The truth is that the government is frozen by inaction. It is hoping that the current recovery in sentiment marks the turning point for the economy, but it cannot be sure. The Treasury is not sanctioning an expansion of government spending, and it resists giving money to the private sector’s “deserving causes”. In this respect, government fiscal and monetary policies are more sensible than that of the United States.
If this is praise, it is only by comparison and therefore faint and damned. The reality is that a do-nothing policy will at the very least condemn the economic adjustment to be unnecessarily deep and protracted. This is in a world which is fundamentally at the mercy of US economic problems, and the inevitable deterioration of that economy will be detrimental to the UK.
It is difficult to comprehend how bad things really are in the States. Headline unemployment for active job-seekers is shown at just under 10%, but the broadest measure, which includes those so discouraged they have stopped looking for work, is over 16%, and there is evidence that the official numbers understate even this number. John Williams of Shadow Government Statistics estimates the true figure for the broader measure is closer to 21%. The latter figure, which will certainly rise further, compares with a peak rate of 25% in 1933. The level of consumer debt to be unwound is the largest in history by any measurement – nominal, real or relative to GDP. Unwinding this debt means consumption deferred for as long as it takes. Some of this deferred consumption will pay down debt, leading to contracting bank balance sheets, and some will be saved. The savings will be entirely spoken for by government borrowing which will be so great there will be no funds left over for private sector recovery.
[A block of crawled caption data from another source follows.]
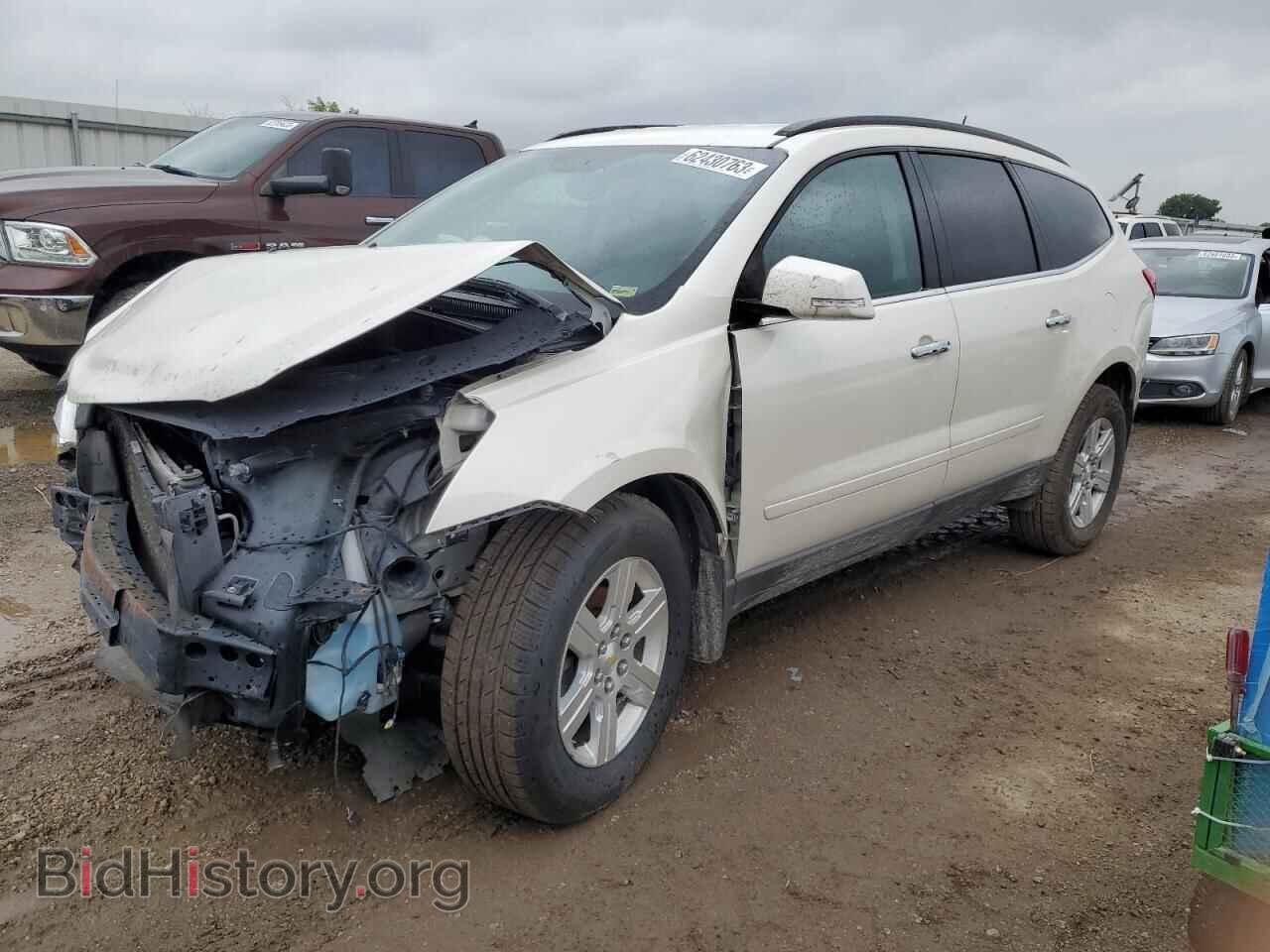 Фотография 1GNKRJED9CJ100197 - CHEVROLET TRAVERSE 2012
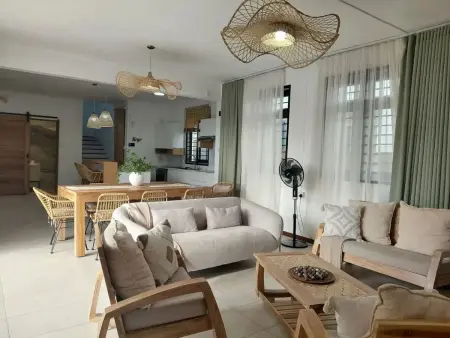 Villa spacieuse à Grand Baie avec piscine partagée - Photo 2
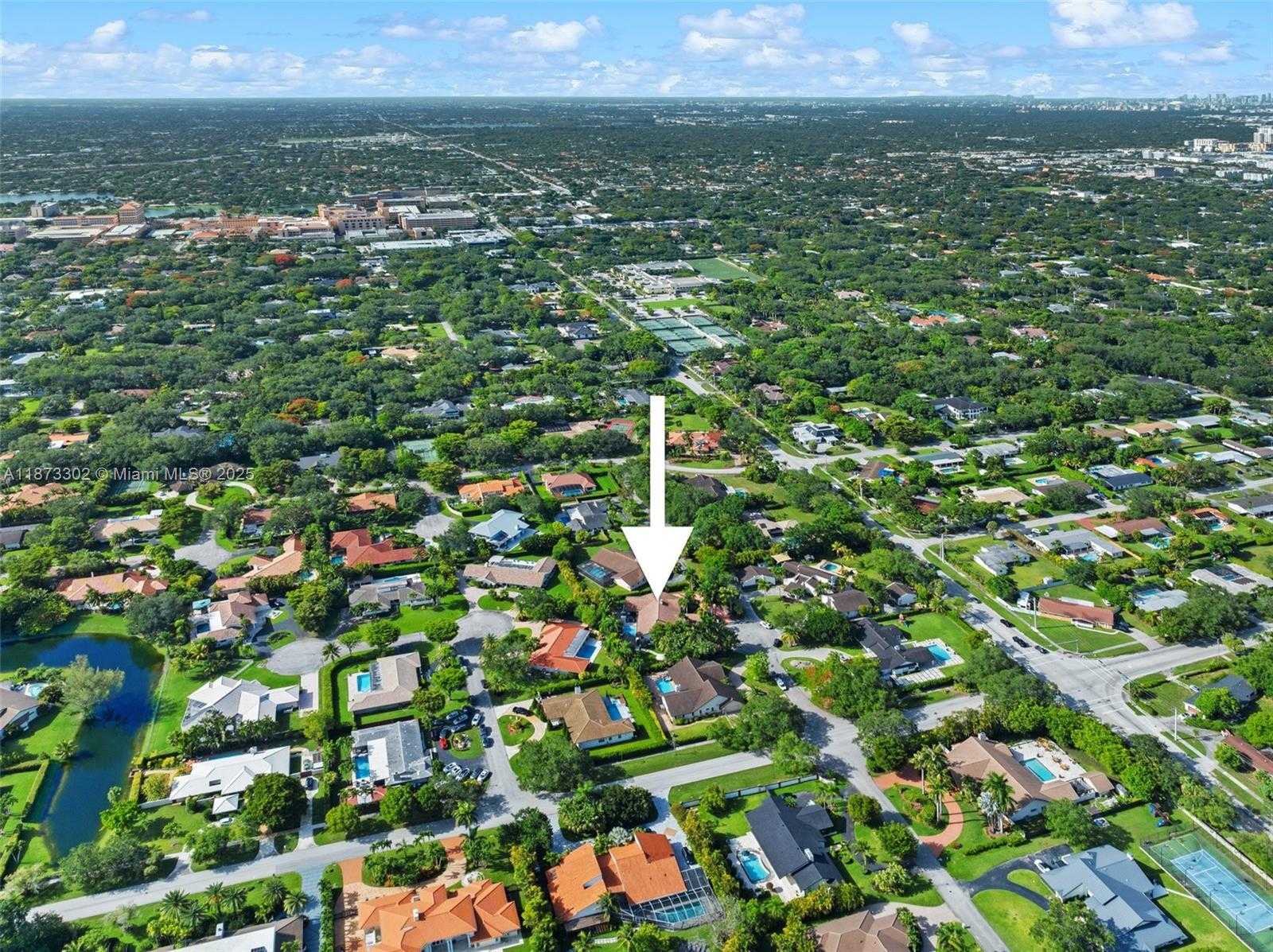 Small Image of 10304 SOUTH WEST 87TH CT, Miami Number 66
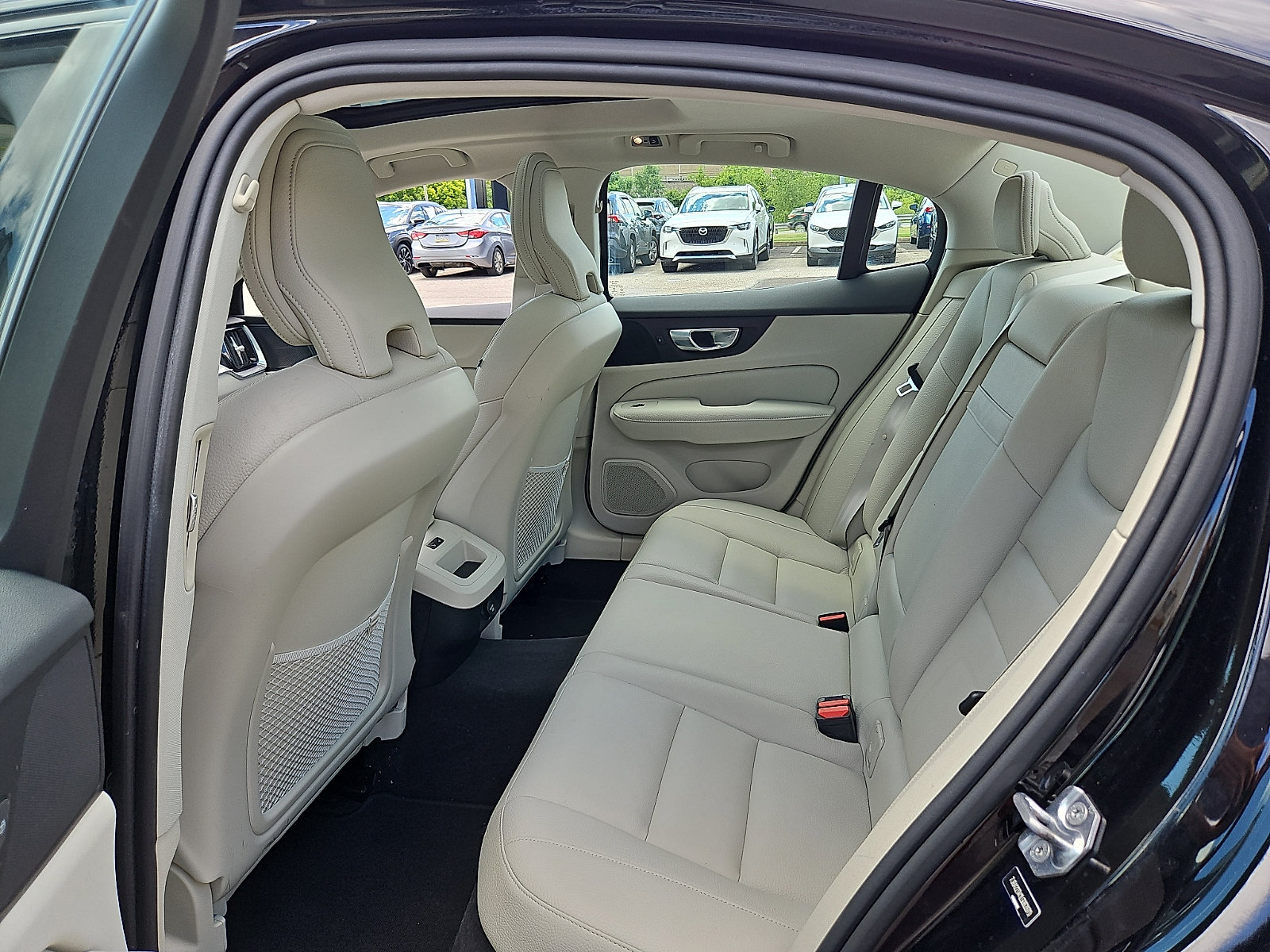 Used 2020 Volvo S60 T6 Momentum AWD/4WD image 10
The profligacy of the Obama regime is truly staggering. We have had the cost of the financial bail-out, which with on-going liabilities has the potential alone to be as much as the US’s annual GDP. On top of this the budget deficit is forecast to exceed $1.8 trillion, and in the midst of this unprecedented crisis there is an Alice-in-Wonderland debate about taking on extra costs of free healthcare.
The problem in both the US and the UK is that governments are grabbing all the money and starving the private sector. The economists advising them do not seem to realise that the difference between the public sector and the private sector is simply production, that is to say more government equates to less production in the whole economy.
The only way the UK will recover is to cut government back drastically, and rescind more or less all the regulation introduced over the last twenty years. Unless this is done, the slump will be long and deep. The wrong thing to do is burden the productive part of the economy with further taxation.
On current form, it looks like neither Labour nor Conservatives will grasp this nettle, before or after the next election. The market will therefore eventually force action upon them.